[Image-text web data]
+===+

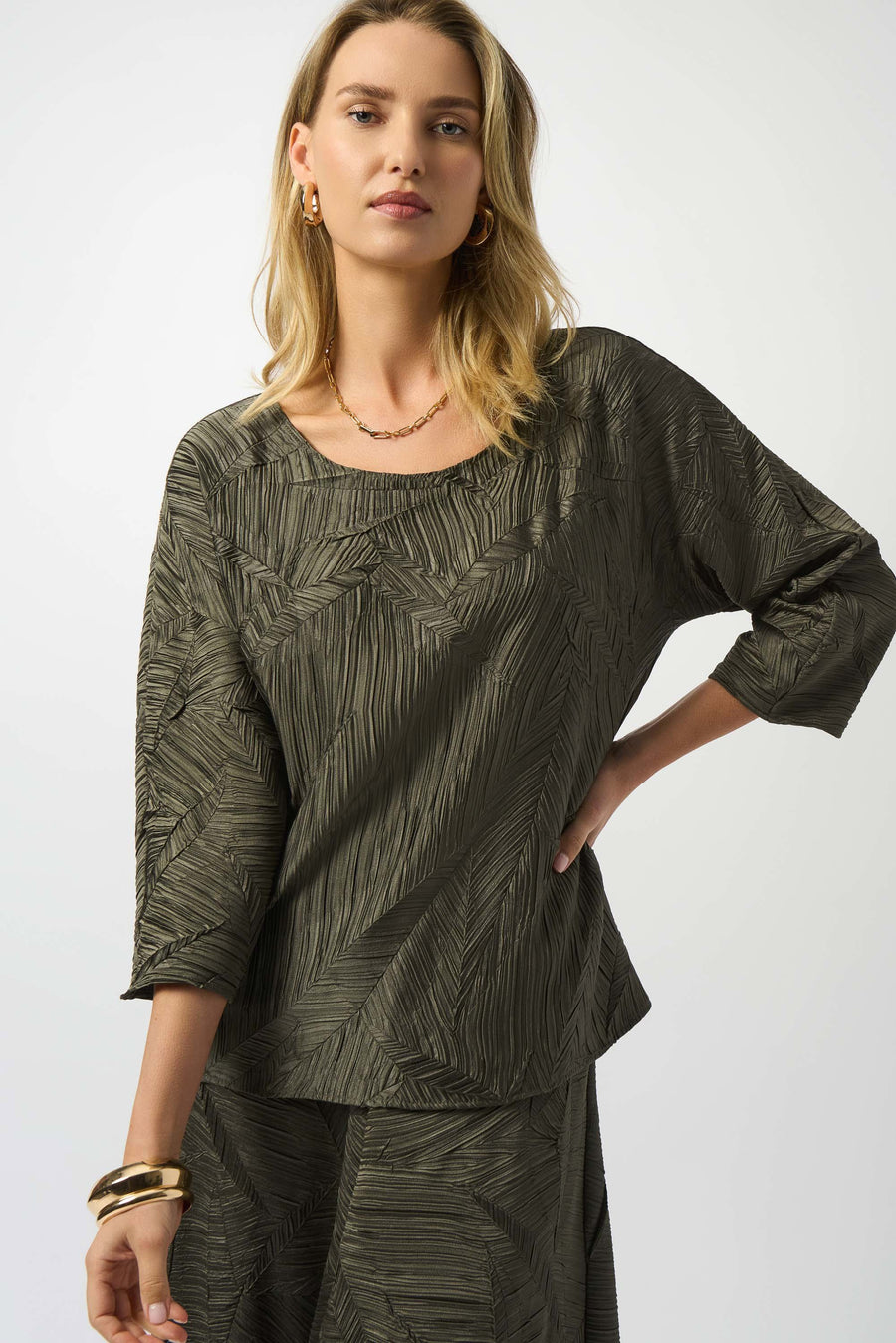 253002 Pleated Satin Boxy Top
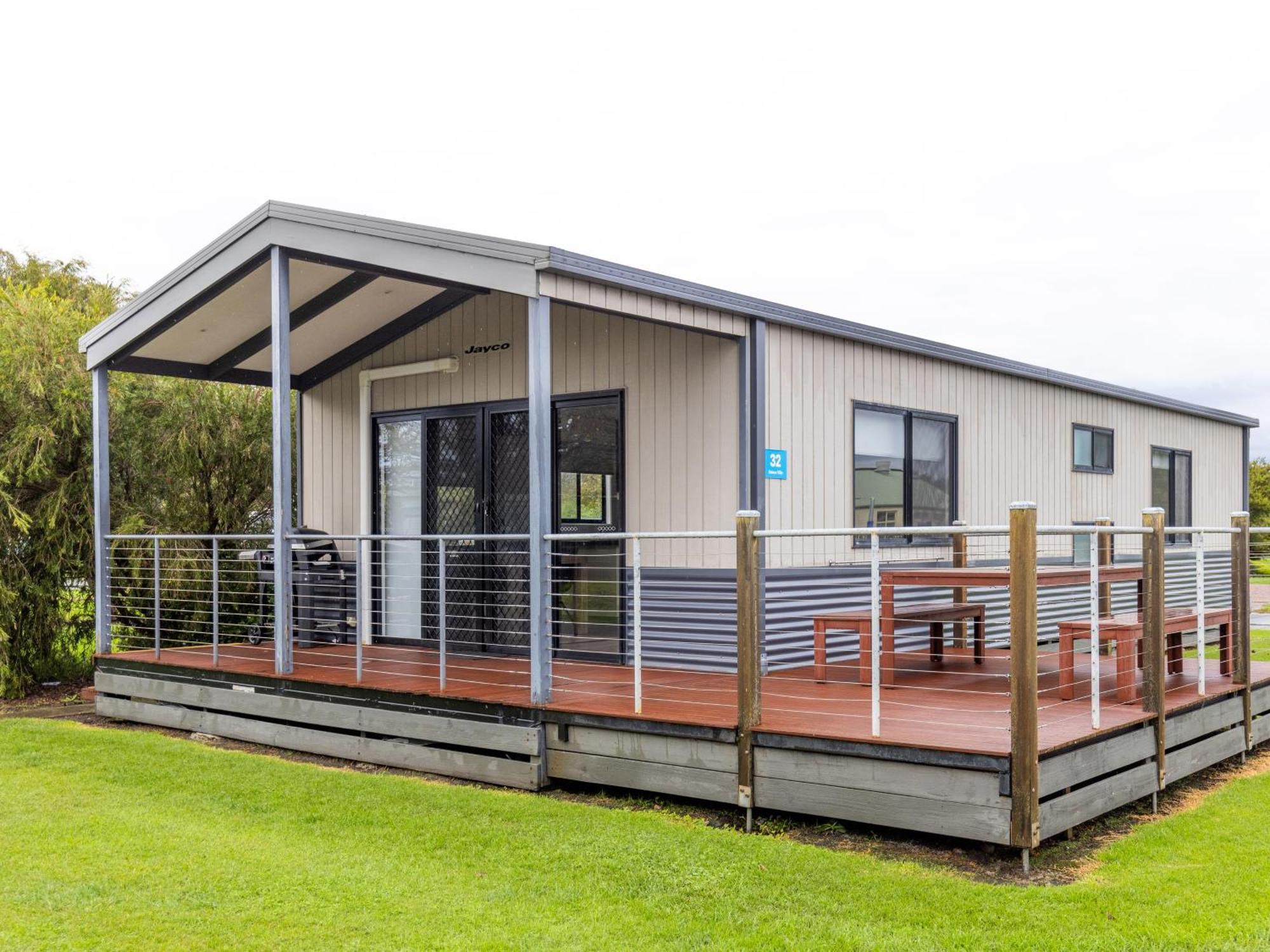 Nrma Warrnambool Riverside Holiday Park Номер фото
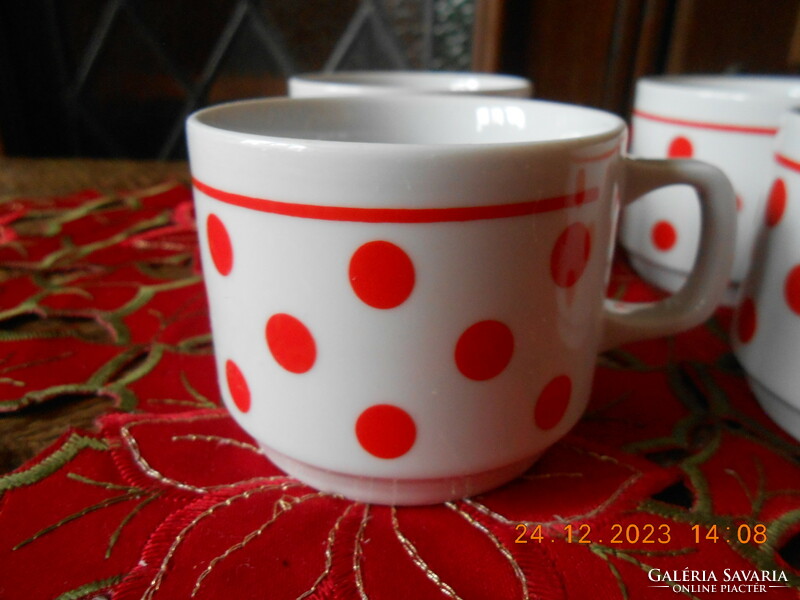 Zsolnay piros pöttyös kávés csésze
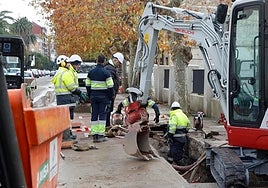 Trabajos de reparación de la tubería en una de las aceras.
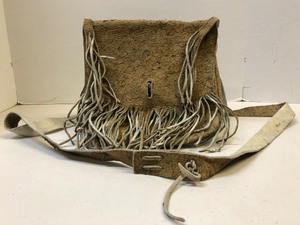 lot 285 image: Very Cool Old Vintage Western Leather Satchel 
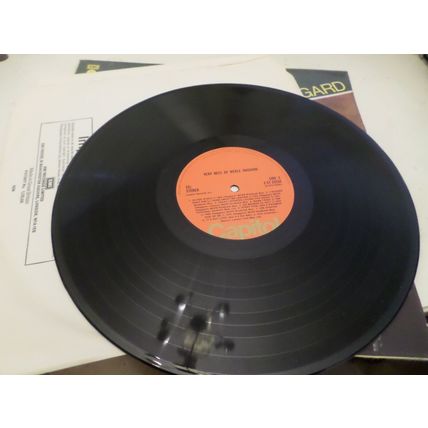 Merle Haggard - The Very Best of - 1972 - 12" Vinyl LP - Capitol - E ST 23234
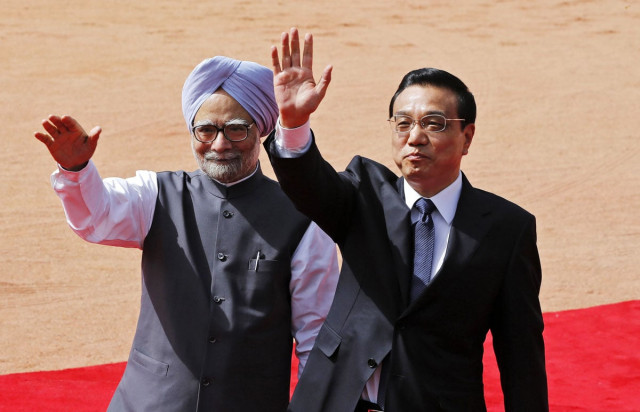 chinese premier li keqiang r and india 039 s prime minister manmohan singh l wave towards the media during li 039 s ceremonial reception at the forecourt of india 039 s presidential palace rashtrapati bhavan in new delhi photo reuters chinese premier li keqiang r and india 039 s prime minister manmohan singh l wave towards the media during li 039 s ceremonial reception at the forecourt of india 039 s presidential palace rashtrapati bhavan in new delhi photo reuters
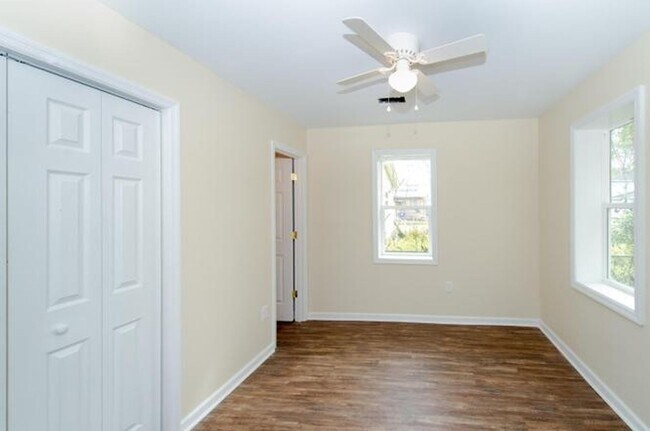 Foto del edificio - 4BA/2BA OFF KING STREET EXTENTION DOSCHER Street - Available AUGUST 1, 2026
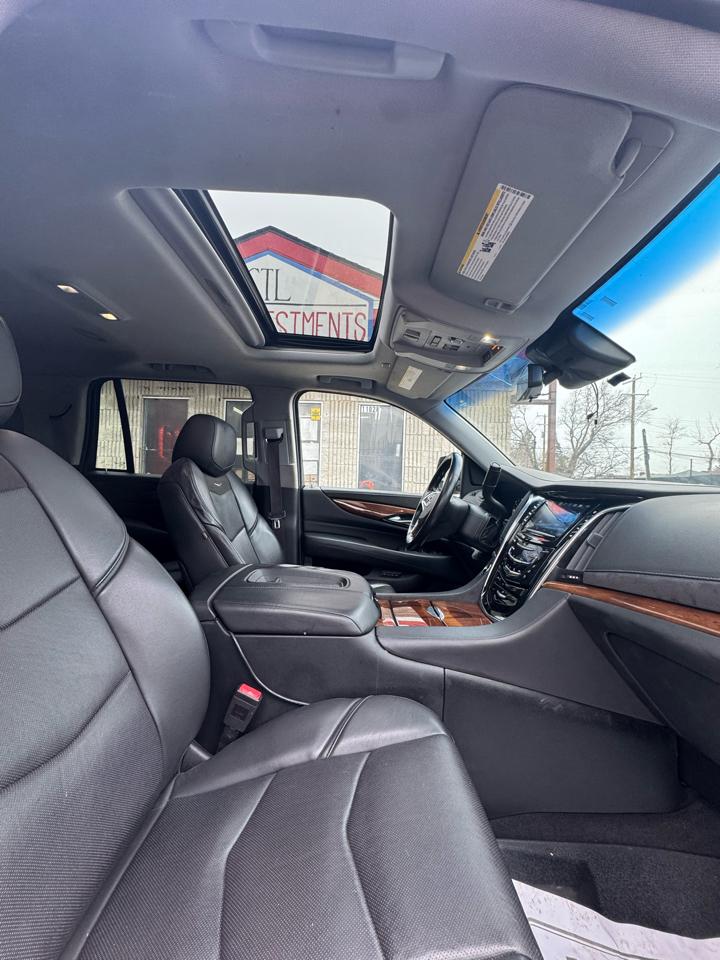 Cadillac Escalade Luxury 4WD 2017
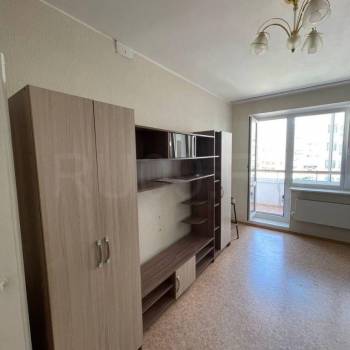 Сдается 1-комнатная квартира, 38 м²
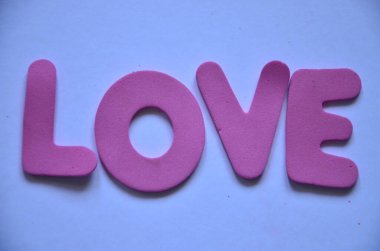 Tahtadan yapılmış aşk mektubu.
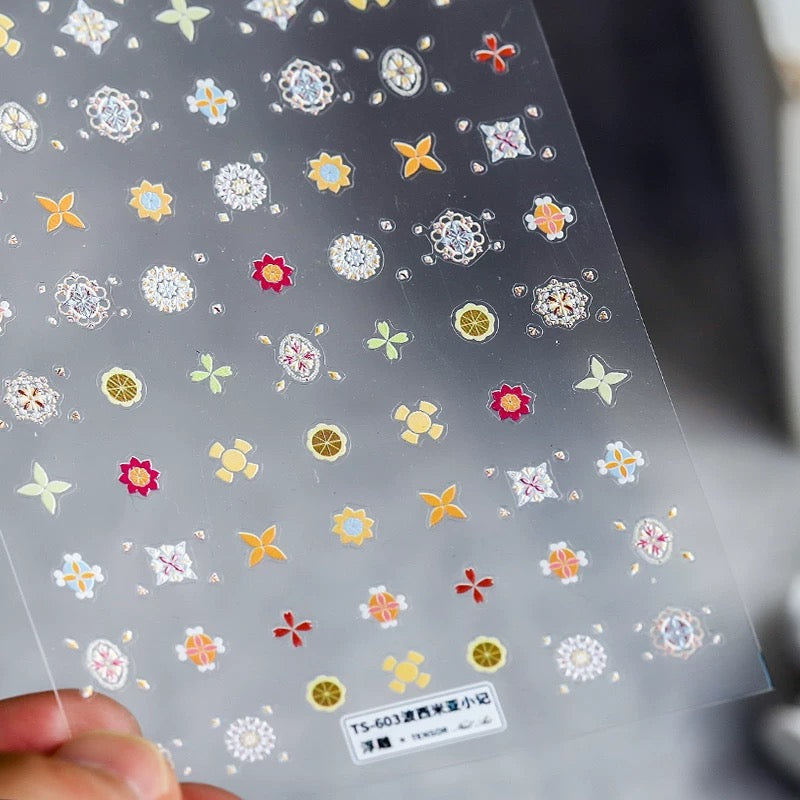 [generic] Flora Nail stickers (13 styles)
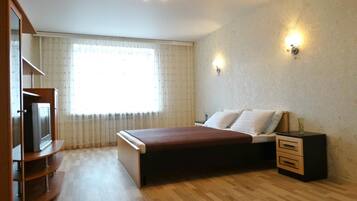 2 Schlafzimmer, Verdunkelungsvorhänge, Bügeleisen/Bügelbrett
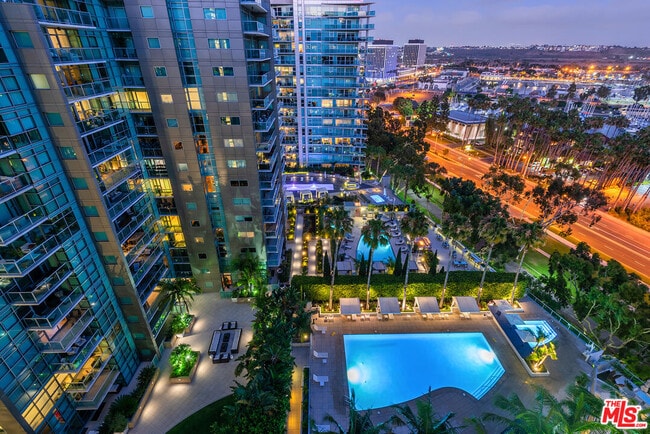 Building Photo - 13700 Marina Pointe Dr Unit 1724 Rental
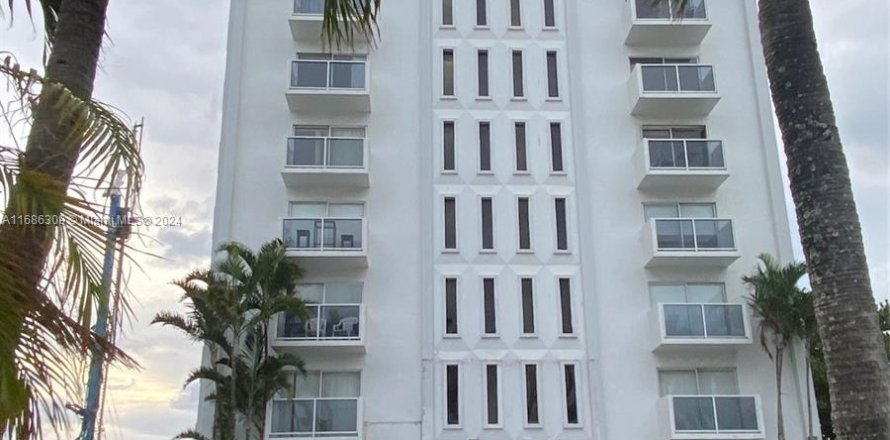 Condo in Miami Beach, Florida, 1 bedroom  № 1428111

+===+

Word for word, restate the records shown above, minus the pictures.

 253002 Pleated Satin Boxy Top
 Nrma Warrnambool Riverside Holiday Park Номер фото
 Zsolnay piros pöttyös kávés csésze
 Trabajos de reparación de la tubería en una de las aceras.
 lot 285 image: Very Cool Old Vintage Western Leather Satchel 
 Merle Haggard - The Very Best of - 1972 - 12" Vinyl LP - Capitol - E ST 23234
 chinese premier li keqiang r and india 039 s prime minister manmohan singh l wave towards the media during li 039 s ceremonial reception at the forecourt of india 039 s presidential palace rashtrapati bhavan in new delhi photo reuters chinese premier li keqiang r and india 039 s prime minister manmohan singh l wave towards the media during li 039 s ceremonial reception at the forecourt of india 039 s presidential palace rashtrapati bhavan in new delhi photo reuters
 Foto del edificio - 4BA/2BA OFF KING STREET EXTENTION DOSCHER Street - Available AUGUST 1, 2026
 Cadillac Escalade Luxury 4WD 2017
 Сдается 1-комнатная квартира, 38 м²
 Tahtadan yapılmış aşk mektubu.
 [generic] Flora Nail stickers (13 styles)
 2 Schlafzimmer, Verdunkelungsvorhänge, Bügeleisen/Bügelbrett
 Building Photo - 13700 Marina Pointe Dr Unit 1724 Rental
 Condo in Miami Beach, Florida, 1 bedroom  № 1428111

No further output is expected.